Exercise objective → In the entries that follow, repeat exactly the lines from the one that has "Man in patterned" through the one that has "925 Sterling Silver", but omit pictures.

Provided data →
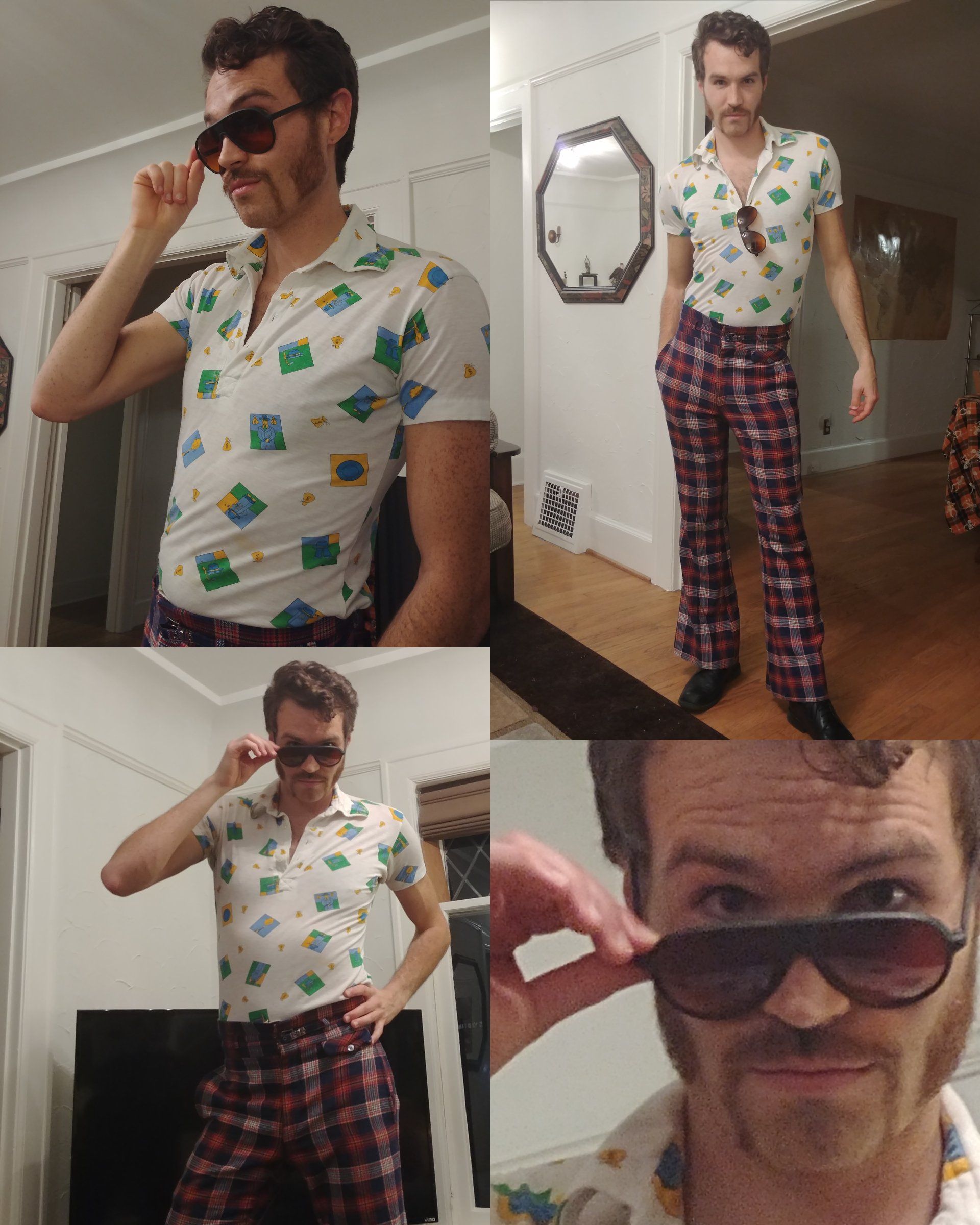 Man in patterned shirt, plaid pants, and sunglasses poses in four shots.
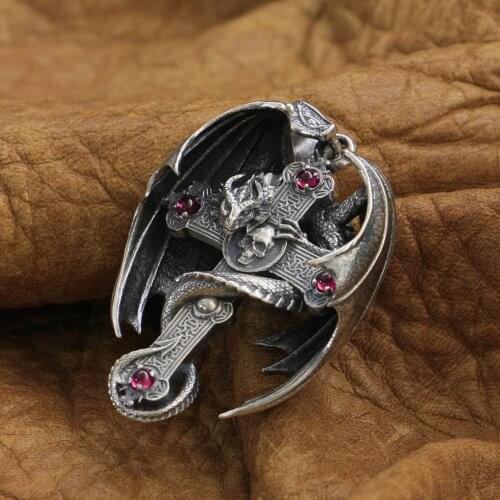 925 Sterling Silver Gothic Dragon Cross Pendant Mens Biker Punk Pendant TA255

==

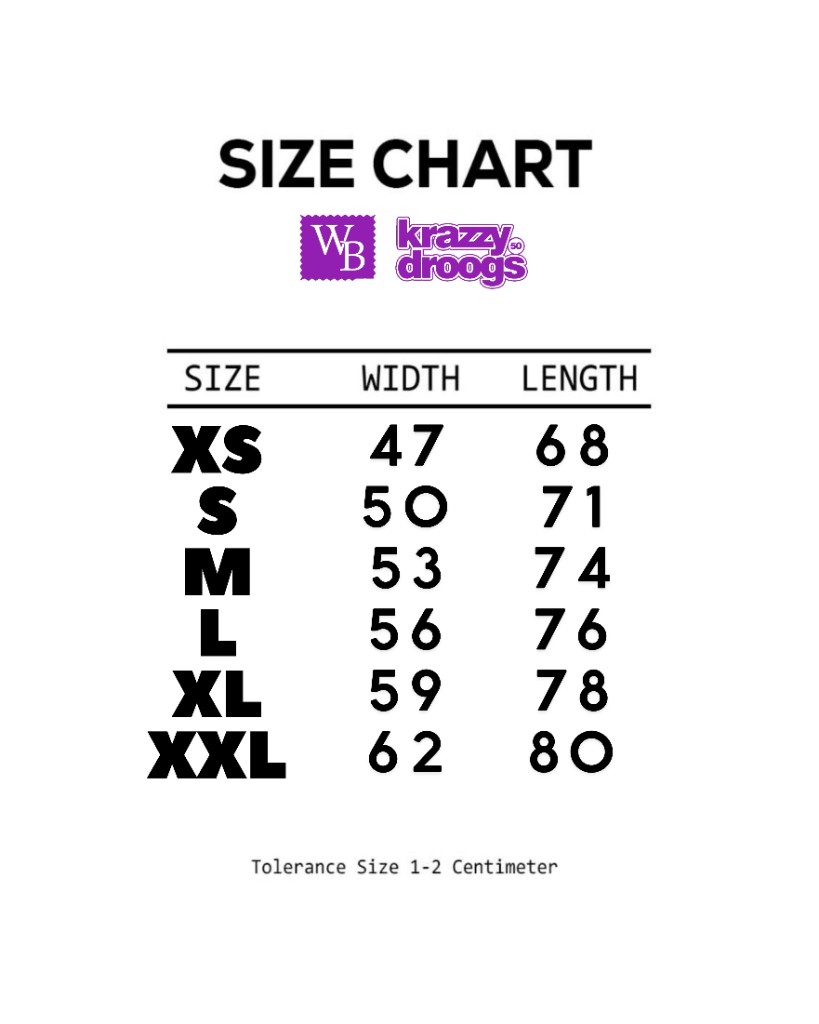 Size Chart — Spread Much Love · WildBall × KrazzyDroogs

Result →
 Man in patterned shirt, plaid pants, and sunglasses poses in four shots.
 925 Sterling Silver Gothic Dragon Cross Pendant Mens Biker Punk Pendant TA255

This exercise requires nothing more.